The shooting has sparked debates about race, gun control, law enforcement, and vigilantism. These are critically important issues to consider in coming to terms with what happened that night. But missing from the discussion is another potentially contributing factor: urban planning and its role in the polarization of American society.

There can be no doubt that our public discourse has become oppositional and vituperative. Social and mass media exacerbate the situation by blurring traditional distinctions between partisan commentary and objective reporting, and by creating informational ghettos where dissent is unwelcome.

Gated communities are the urbanistic equivalent of sites such as WorldNetDaily and Media Matters—places designed for homogeneity, where individuals can feel safe and avoid the unfamiliar. Yet the promise of security offered by gated communities is an illusion. Those walls and gates provide little more than product packaging and brand positioning for the developer.

In a 2010 blog post, Kaid Benfield, director of sustainable communities at the Natural Resources Defense Council, wrote, “Subdivisions secured by gates intended to exclude outsiders may not be safer than those that are fully public. This is because they can lack the social cohesion and interaction with the larger community that for millennia have served as deterrents to crime and other antisocial behavior.”

Violence occurs in all sorts of places, for many different reasons: prejudice, greed, jealousy, desperation. The Retreat at Twin Lakes didn’t kill Trayvon Martin any more than that 9mm gun killed him—a human being pulled the trigger. But just as there is a relationship between Florida’s gun-control policies and Zimmerman’s legal possession and seeming misuse of a lethal weapon, there is a relationship between the xenophobic planning formula of gated communities and one resident’s deadly reaction to a perceived outsider.

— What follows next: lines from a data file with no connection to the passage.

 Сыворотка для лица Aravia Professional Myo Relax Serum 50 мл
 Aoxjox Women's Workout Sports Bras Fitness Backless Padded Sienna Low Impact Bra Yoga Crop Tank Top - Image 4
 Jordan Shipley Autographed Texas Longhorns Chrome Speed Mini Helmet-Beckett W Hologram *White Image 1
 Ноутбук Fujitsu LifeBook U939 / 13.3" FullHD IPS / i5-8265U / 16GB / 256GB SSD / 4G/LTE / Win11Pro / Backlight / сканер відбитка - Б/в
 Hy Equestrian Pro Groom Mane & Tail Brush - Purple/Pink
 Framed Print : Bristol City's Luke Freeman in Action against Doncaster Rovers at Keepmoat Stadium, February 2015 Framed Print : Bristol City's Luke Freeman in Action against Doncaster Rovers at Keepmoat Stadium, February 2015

If race was a factor, as so many argue, so too was class. Martin was traveling on foot, Zimmerman by car. A drive through a boomtown such as Phoenix or Atlanta demonstrates the obvious—that greenfield developments and even many urban redevelopments privilege the driver over the pedestrian. What’s less obvious is that such planning strategies constitute a form of discrimination. The Retreat follows this pattern: It has few sidewalks and is completely isolated from its surroundings, lacking through streets to foster physical and social connections with adjacent neighborhoods.

Many local governments have relinquished their traditional role in determining the configuration of streets. In Sanford, as elsewhere, the municipally ordained street grid is on an obscenely large scale, and developers have far too much license to fill in the blanks however they want, which usually means enclaves that turn their backs on one another and have little if anything to offer in the way of public space and other common amenities. Martin would have been less of a target had he been strolling down an active sidewalk in a cohesive neighborhood.

In our society, a car is a sign of economic prosperity, like a burgher’s protruding belly in a Dutch old master painting. Except in well-preserved older cities and some enlightened new towns, pedestrians who aren’t pushing a stroller or pulling a dog on a leash are plainly suspect—potential undesirables. In far too much of America, walking is socially taboo, logistically harrowing, and, in the case of Trayvon Martin, deadly.